[Work to complete]:
For the entries below, the expected answer is the line with "Moschino Loafers, male, , Size: 7", the line with "Women Dresses LoveShackFancy", and every line between them, exactly as written, and nothing more.

[Given records]:
•••••
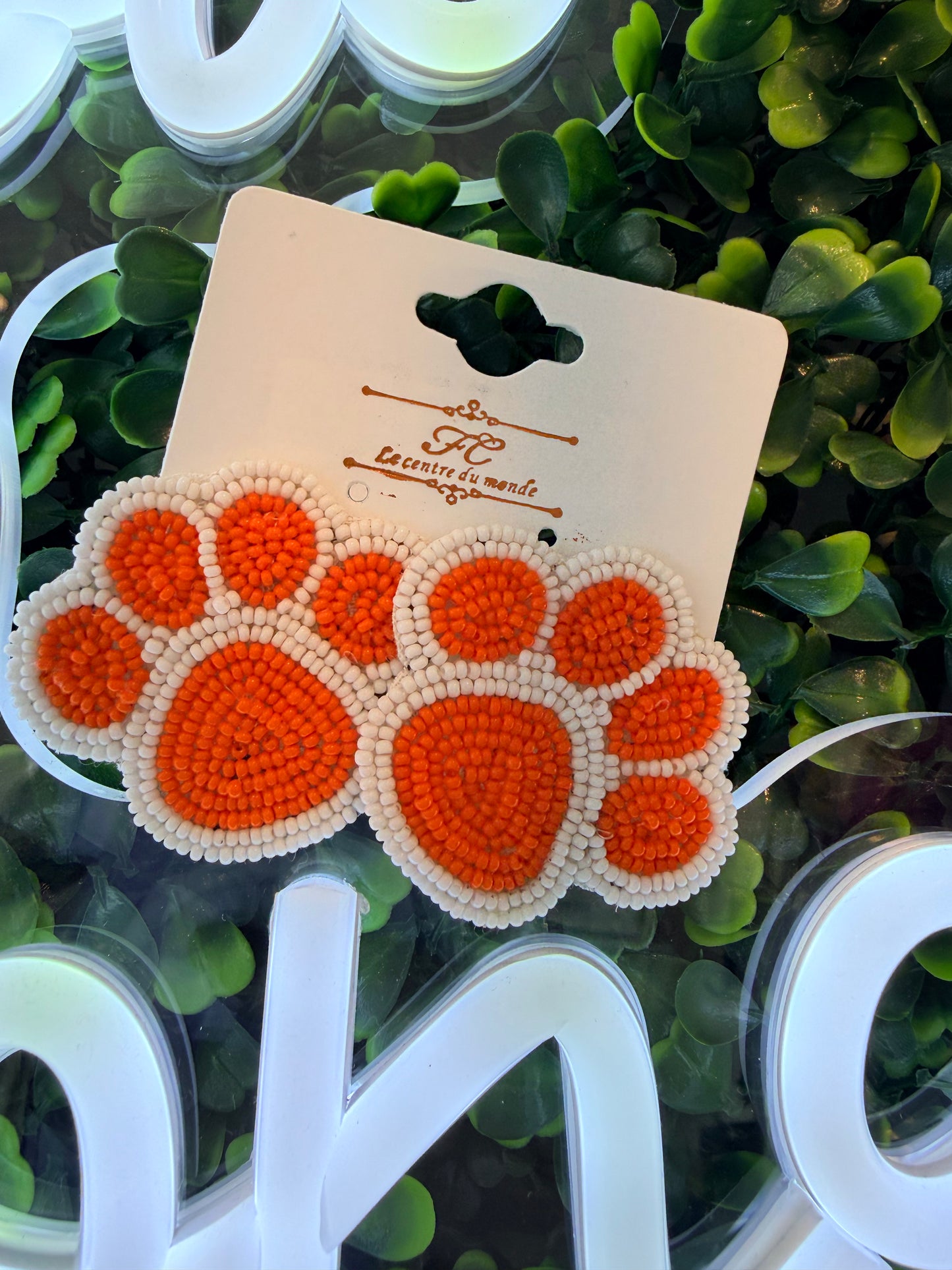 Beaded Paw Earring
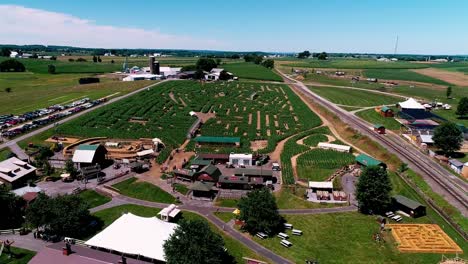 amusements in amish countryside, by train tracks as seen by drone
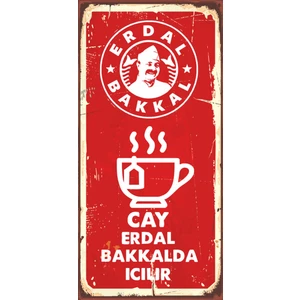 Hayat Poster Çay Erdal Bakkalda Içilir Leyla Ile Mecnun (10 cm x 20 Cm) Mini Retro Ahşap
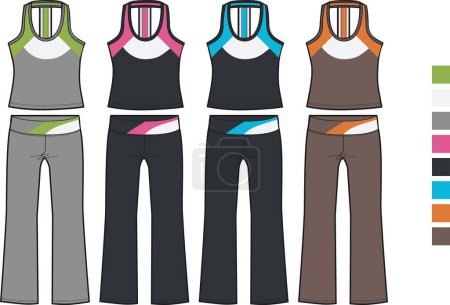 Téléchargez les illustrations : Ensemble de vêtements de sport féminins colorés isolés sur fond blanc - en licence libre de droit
•••••
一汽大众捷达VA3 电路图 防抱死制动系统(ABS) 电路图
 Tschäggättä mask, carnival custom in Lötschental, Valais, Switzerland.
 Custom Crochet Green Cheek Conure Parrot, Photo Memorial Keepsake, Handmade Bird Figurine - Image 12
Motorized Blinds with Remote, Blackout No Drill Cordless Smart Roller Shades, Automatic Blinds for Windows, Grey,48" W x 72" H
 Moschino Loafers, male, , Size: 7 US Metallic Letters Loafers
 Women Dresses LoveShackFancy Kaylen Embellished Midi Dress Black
•••••
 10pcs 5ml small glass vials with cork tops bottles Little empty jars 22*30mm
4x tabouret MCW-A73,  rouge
•••••
[Solution]:
 Moschino Loafers, male, , Size: 7 US Metallic Letters Loafers
 Women Dresses LoveShackFancy Kaylen Embellished Midi Dress Black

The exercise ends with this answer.